Excluding pictures, retype exactly the lines from the one with "These images have" through the end of the records that follow.

Brief descriptive captions:
* * * *

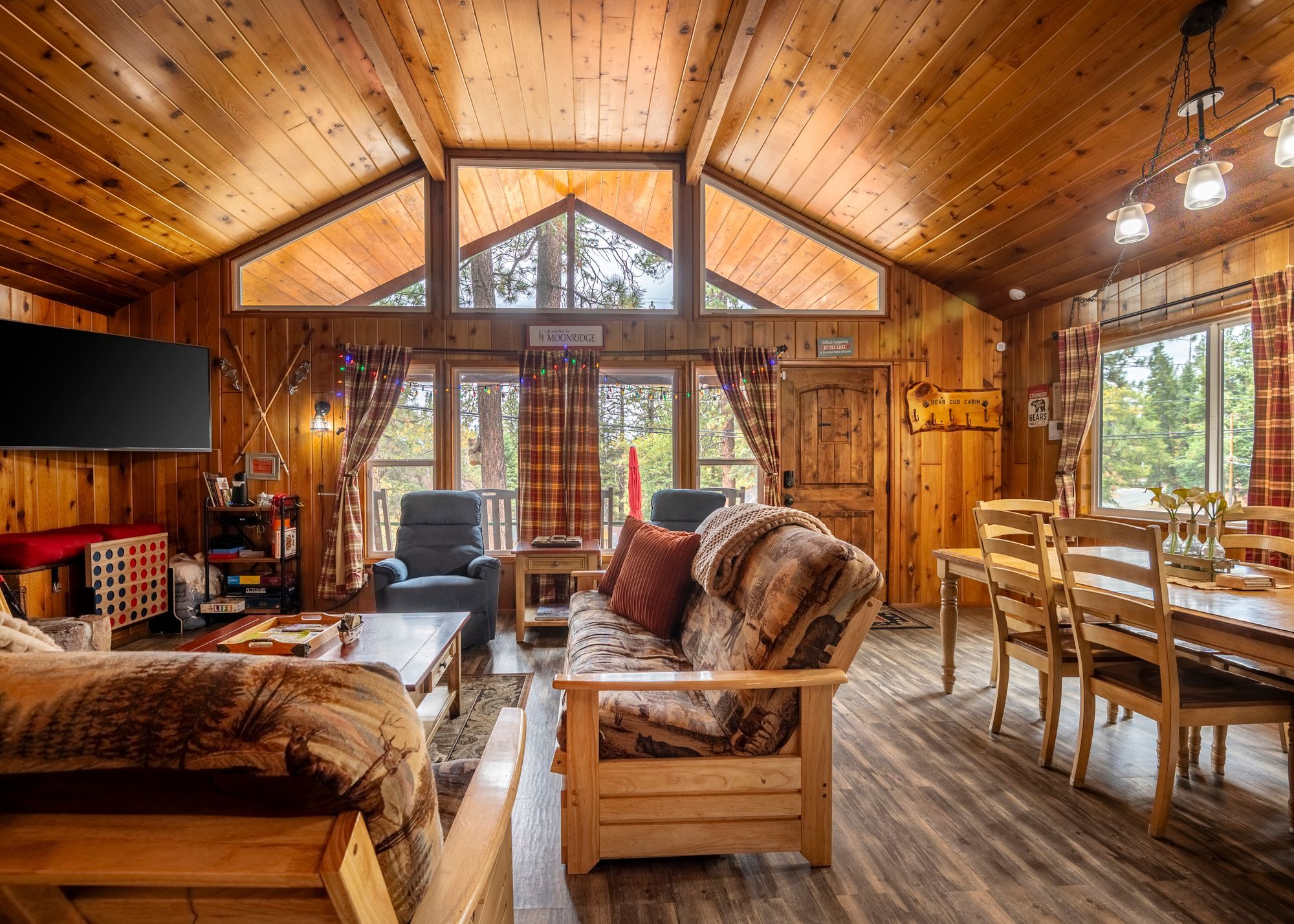 A cozy cabin interior with a wooden ceiling, a large window, a dining table, and a sofa.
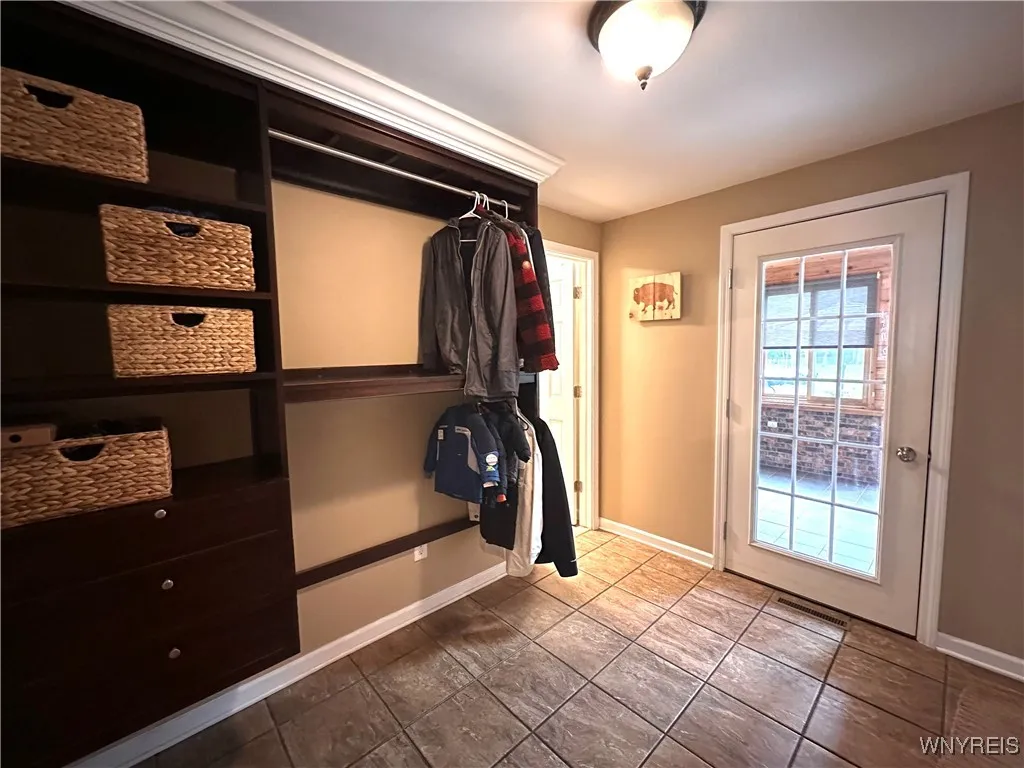 mudroom with 1/2 bath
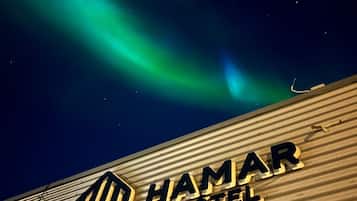 The exterior of the Hamar Hotel with a view of the Northern Lights in the background.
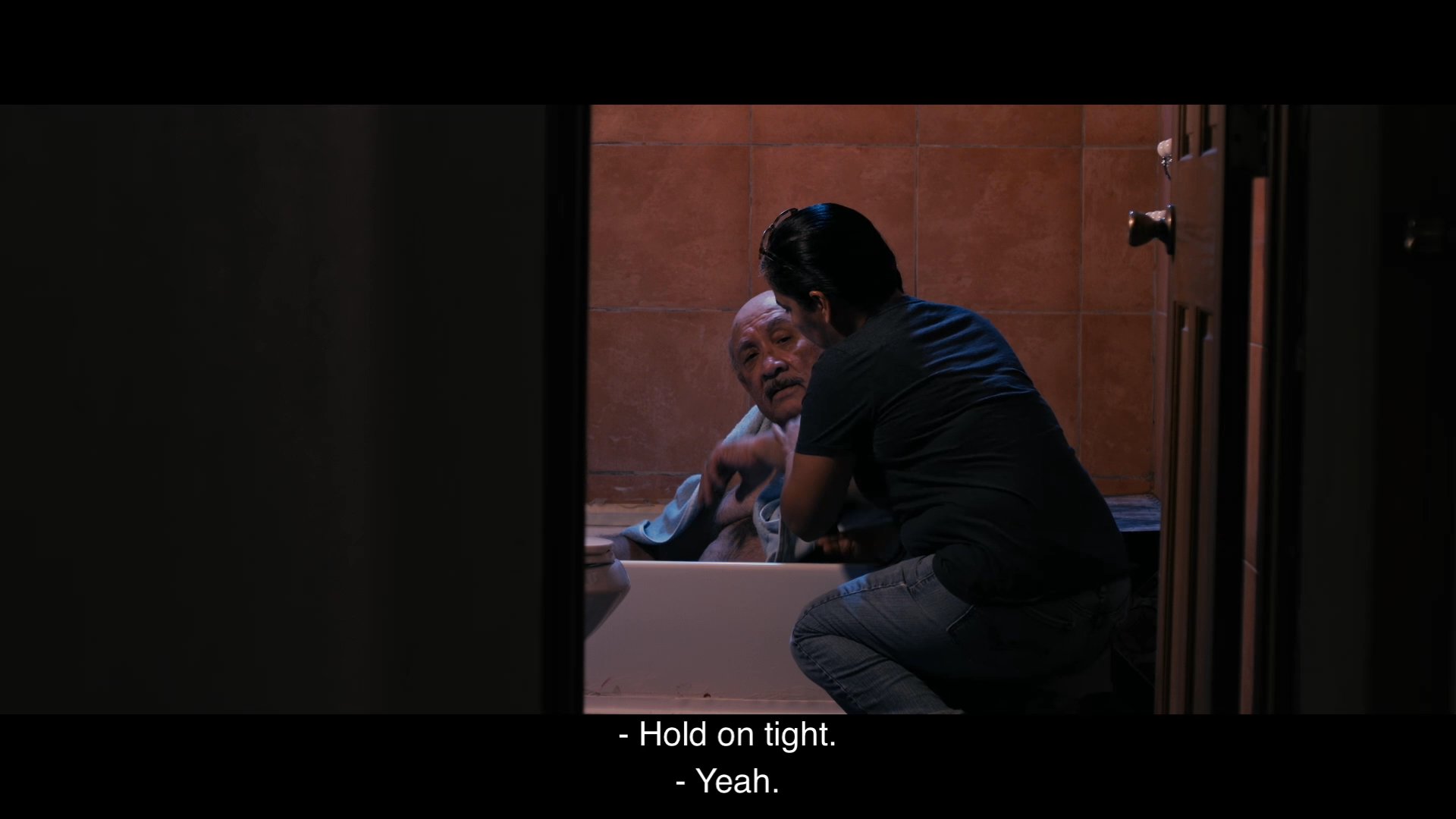 A caregiver assists an elderly man in exiting a bathtub and helps him walk slowly out of the bathroom with support. The scene highlights the patient coordination required during personal care and mobility assistance.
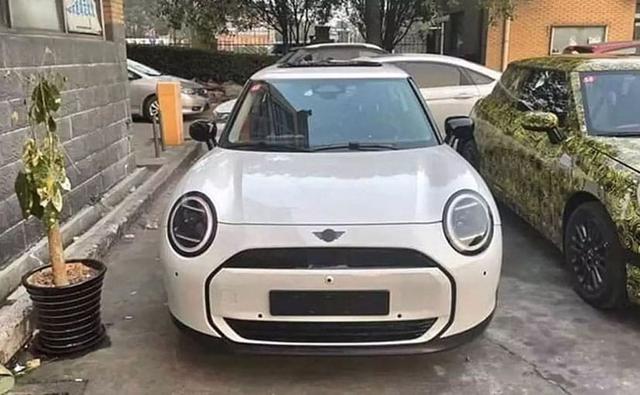 These images have been doing rounds on the internet for the last couple of days and beside the white MINI EV, you can also see the prototype test mule wrapped in camouflage.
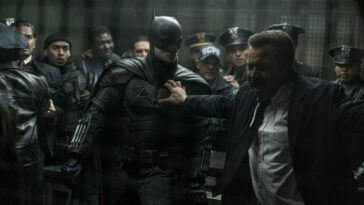 A suited police officer holds back Batman from a fight.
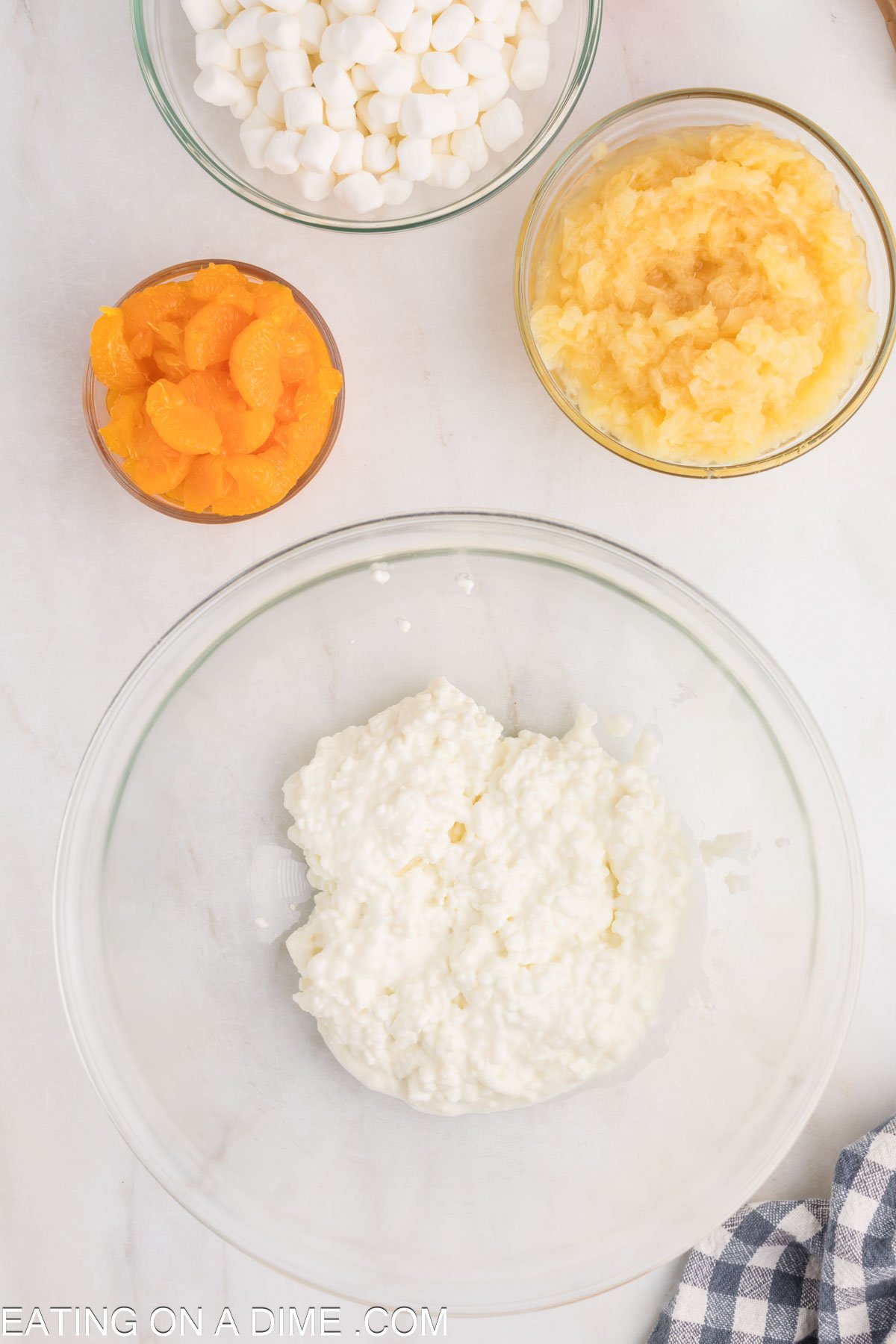 Placing the cottage cheese in a bowl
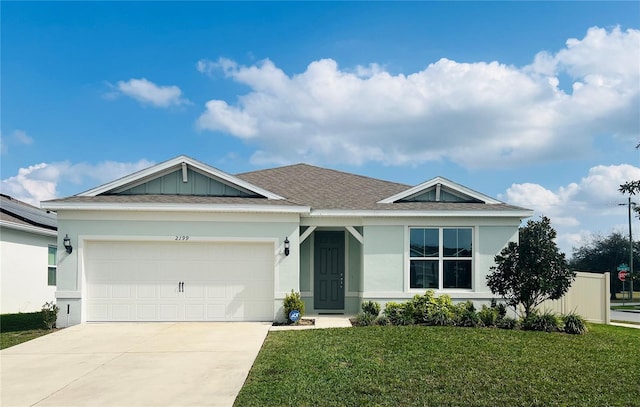 view of front facade featuring a front lawn and a garage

* * * *

Answer to this task:
 These images have been doing rounds on the internet for the last couple of days and beside the white MINI EV, you can also see the prototype test mule wrapped in camouflage.
 A suited police officer holds back Batman from a fight.
 Placing the cottage cheese in a bowl
 view of front facade featuring a front lawn and a garage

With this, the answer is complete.